Belgium's Interbrew SA and Brazil's AmBev completed their planned US$11.4 billion combination on Friday after shareholders of both companies approved the deal that creates the world's largest brewer by volume.
Interbrew shareholders unanimously approved the linkup of their family company with AmBev, whose full name is Companhia da Bebidas das Americas, creating a new company called InBev that will control about 14 percent of the global beer market.
AmBev said its shareholders also approved the union, but did not provide a vote breakdown on the margin of victory for the merger. It makes InBev the planet's largest beer producer and No. 2 by revenue behind US-based Anheuser-Busch, which had sales of US$14.1 billion last year.
The deal first announced in March brings together top Interbrew brands Stella Artois, Becks and Labbatt's Blue with AmBev's popular Skol and Brahma beers.
"We are creating the world's number one brewery," said Interbrew chief executive John Brock, who will become the CEO of the new company.
As part of the deal, Interbrew and Ambev will operate independently in different hemispheres, maintain separate stock listings and name four directors each on a new 14-member InBev board. InBev's headquarters will be set up in Leuven, Belgium.

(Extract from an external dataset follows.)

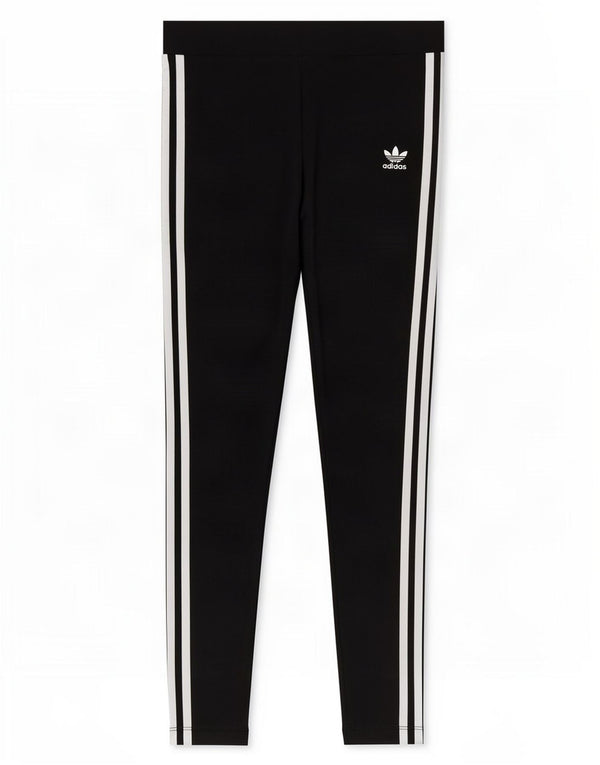 Adidas Damen Leggings UK 10 Small Schwarz Baumwolle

Interbrew ends up with 57 percent of AmBev through a controlling company, Braco. In return, AmBev gets the Canadian Labatt operation and the US brand Rolling Rock. But the companies resisted calling the deal a takeover or merger, even though analysts said AmBev is technically ceding control to Interbrew.
InBev's Americas group will now focus on building a stronger foothold in the US and increasing its Latin American market share, said Milton Seligman, the company's director of corporate relations in Sao Paulo.